▸ Your instructions
Write out the listing from the line with "Vital Nutrients, Lithium" to the line with "360 Swivel Tap", both lines included, exactly and nothing beyond. Leave pictures out.

▸ Records for the task

________________________

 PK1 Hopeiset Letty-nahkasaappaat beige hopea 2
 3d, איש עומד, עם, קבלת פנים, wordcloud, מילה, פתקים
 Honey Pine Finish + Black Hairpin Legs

________________________

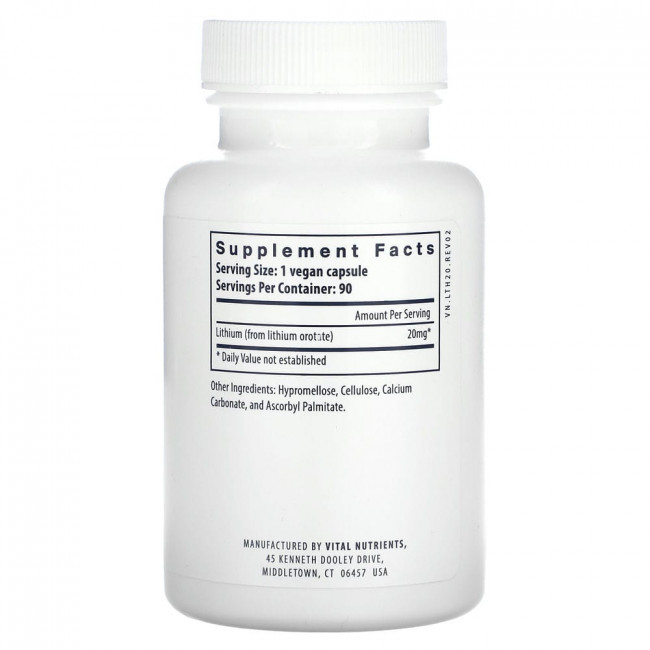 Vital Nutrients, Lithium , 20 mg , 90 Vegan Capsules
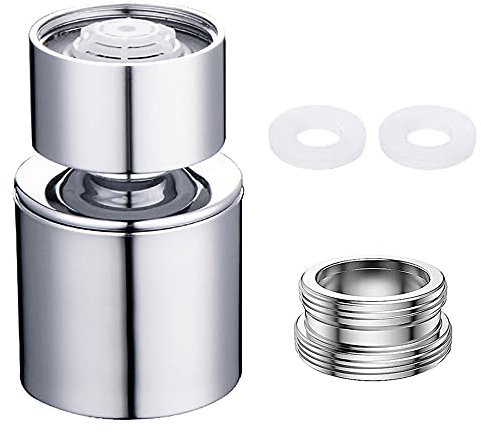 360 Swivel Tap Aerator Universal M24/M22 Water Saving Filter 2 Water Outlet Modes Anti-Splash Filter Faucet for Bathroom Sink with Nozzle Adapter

________________________

▸ Completed exercise
 Vital Nutrients, Lithium , 20 mg , 90 Vegan Capsules
 360 Swivel Tap Aerator Universal M24/M22 Water Saving Filter 2 Water Outlet Modes Anti-Splash Filter Faucet for Bathroom Sink with Nozzle Adapter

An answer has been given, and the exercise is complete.